Screenwriters have it beat into them early by all of the gurus out there to never write anything that can’t be shown on the screen. This is good advice overall but, as with everything else, the real key is getting to the point in your craft where you know when (and how) to ignore it. Your character descriptions are one of those places. They’re the one of the few places in a script where the screenwriter is really allowed to show some flair and bend the normal guidelines; you can showcase your voice, shine a spotlight on your love of language, and really put the unique stamp that is your voice on a script.
It’s also happens to be one of the first things that a reader will look at to help them determine if your script is worth reading. I’ve heard of readers tossing a script because they weren’t impressed enough by the initial description for the Protagonist. If you can’t sell them on your characters, then what chance does the rest of the script have of being any good? Don’t let this be you.

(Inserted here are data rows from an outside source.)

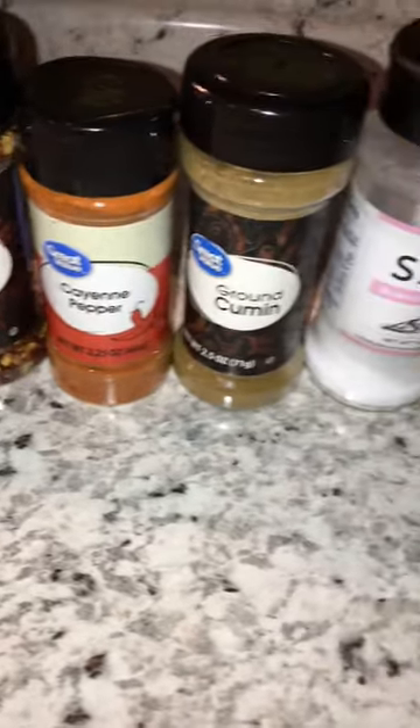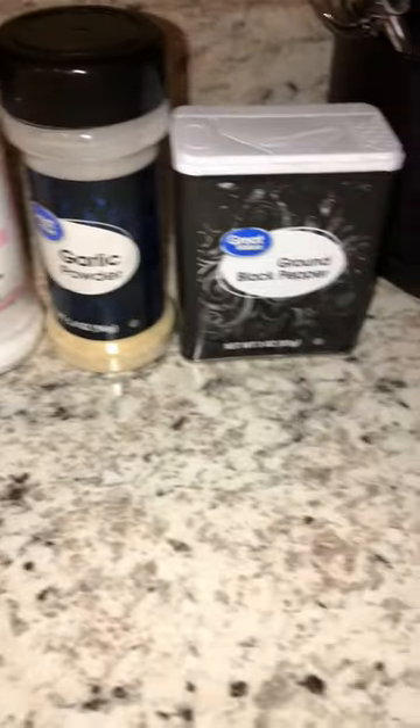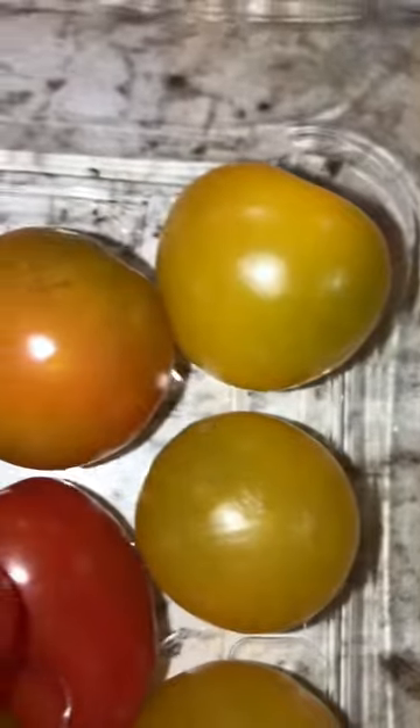To that you're going to add garlic, paprika, crushed red pepper, cayenne pepper, a little bit of cumin, salt, garlic powder, and black pepper. I just use a pinch of each of those. For my tomatoes I use San Marzano and then a handful of tricolored cherry tomatoes.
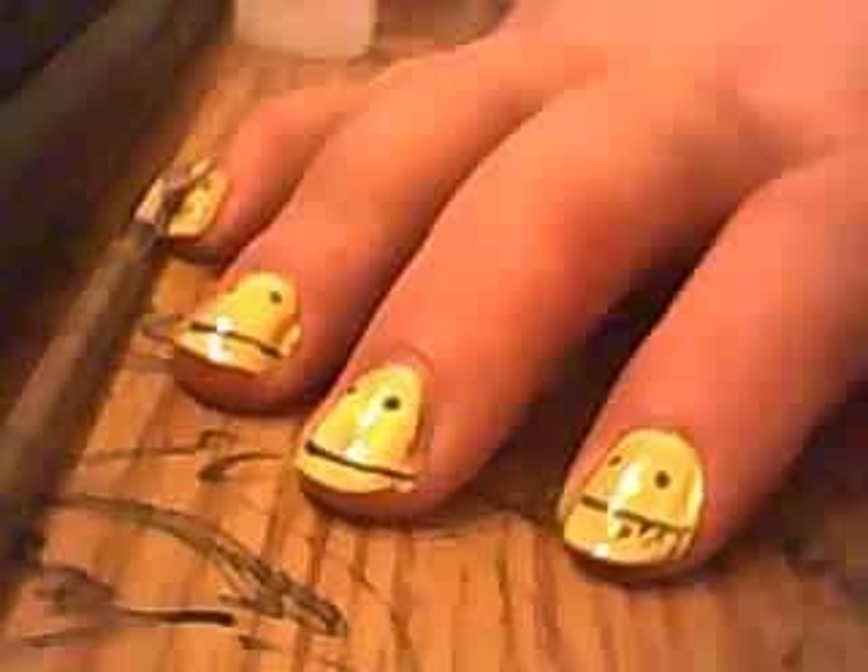But this is a super quick, easy tutorial that I wanted to show you with this smiley. And of course you let this dry, and then you add a top coat, and then you're done.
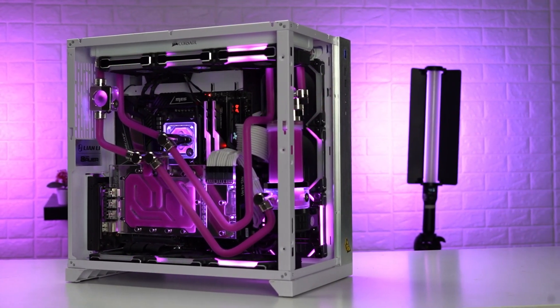So why are we making the build? First, it's obviously the client requirement. And second, because it's fun. The whole process and obviously the outcome, as you can see, is just a work of art.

Instead, let’s take a quick look at…
Character Descriptions and ‘Last Action Hero’
The first draft of Last Action Hero was called Extremely Violent and was written by Zak Penn and Adam Leff. After it was optioned, the studio brought in Black (initially only attached as a Producer) and David Arnott to do a rewrite and, while the box office results were not exactly stellar, it does offer a unique chance to look at a before and after case study in character descriptions.
Here’s the original introduction of the films over-the-top action hero from Penn and Leff’s script:
The elevator doors slide open and… Holy Shit, your pancreas dances, because who’s standing right in the middle of the doorway but… ARNO SLATER, the toughest, strongest, hardest-to-kill, Action Hero you’ve ever seen.
And here ‘s the version that Black and Arnott turned in:
A lone figure strides ACROSS ROOFS, wading thru a SEA OF FLASHING LIGHT like a juggernaut. Dressed casually in a bomber jacket and jeans. T-shirt with a slight tear near the shoulder. Cigar. Three-day stubble. A .44 Ruger Blackhawk, the BIGGEST GUN EVER MADE, perches in his hand like an old friend.
SERGEANT JACK SLATER is in a bad mood tonight.
And that’s why Black gets paid the big bucks folks. Do your character descriptions paint as vivid a picture as that? If not, go back and give them another pass. Make sure your word choice is spot on, and paint a picture that really captures the essence of who your character is. It could make the difference between a reader turning the page or tossing your script on the “no” pile.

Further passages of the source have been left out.